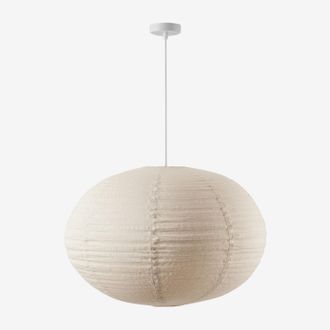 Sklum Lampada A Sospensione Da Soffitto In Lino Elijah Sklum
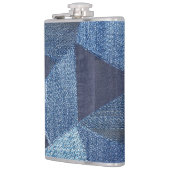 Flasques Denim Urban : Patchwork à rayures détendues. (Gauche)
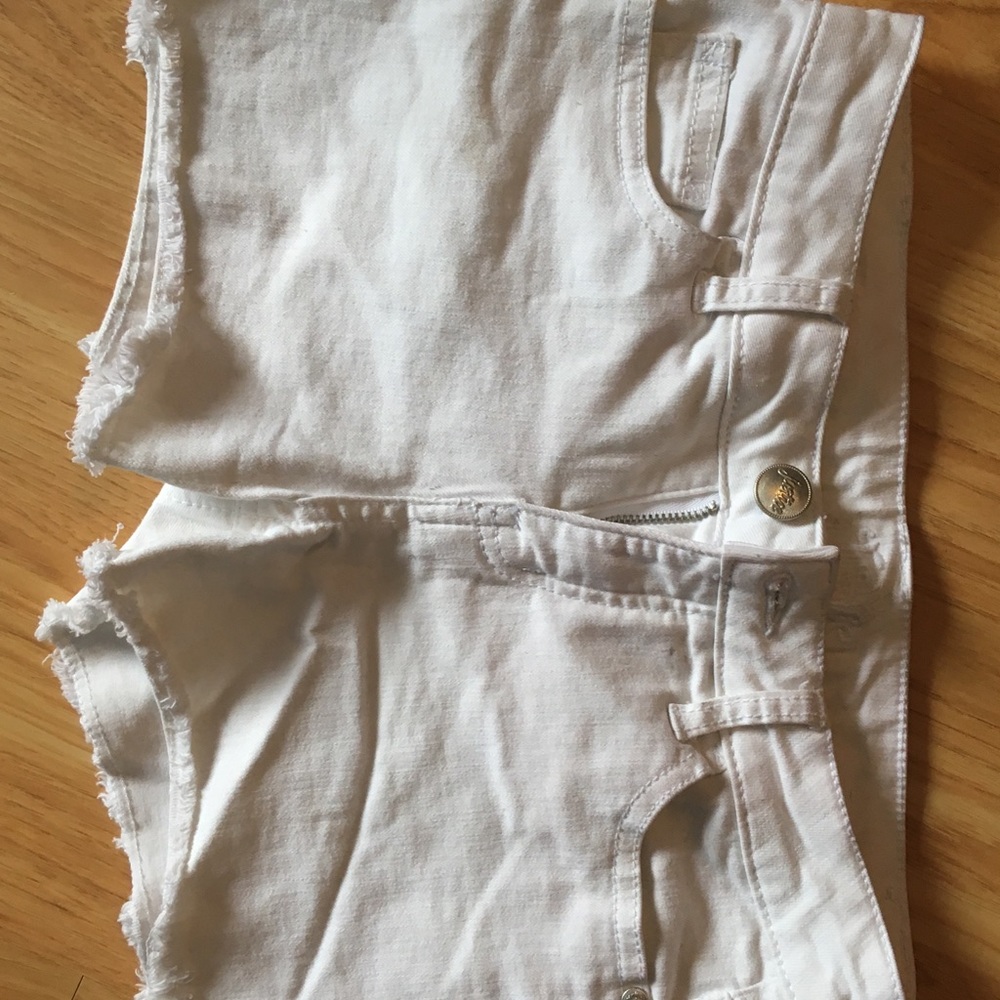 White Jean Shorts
==
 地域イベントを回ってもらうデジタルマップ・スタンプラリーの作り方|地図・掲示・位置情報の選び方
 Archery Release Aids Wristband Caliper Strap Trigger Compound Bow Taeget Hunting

- What to produce -
Within the listing above, copy exactly the lines that start at the one with "Flasques Denim Urban" and continue through the one with "White Jean Shorts". Omit pictures.

- Solution -
 Flasques Denim Urban : Patchwork à rayures détendues. (Gauche)
 White Jean Shorts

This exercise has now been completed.